Below is a listing to repeat exactly, with its pictures left out.

INPUT DATA »
----
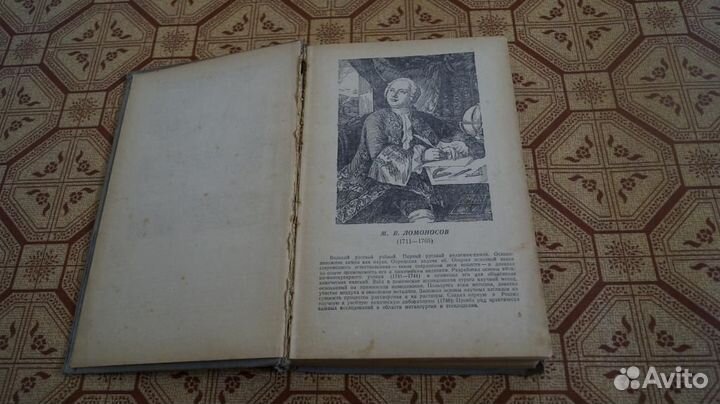 Химия учебник для 8-10 класса средней школы 1958 г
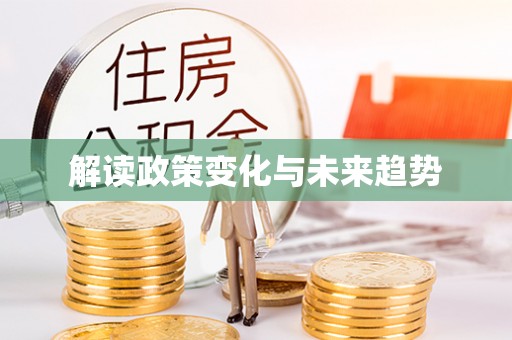 九原解读政策变化与未来趋势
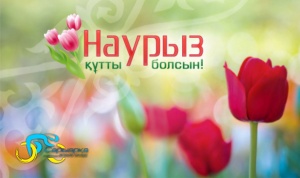 With the holiday of spring and renewal!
----
SOLUTION »
 Химия учебник для 8-10 класса средней школы 1958 г
 九原解读政策变化与未来趋势
 With the holiday of spring and renewal!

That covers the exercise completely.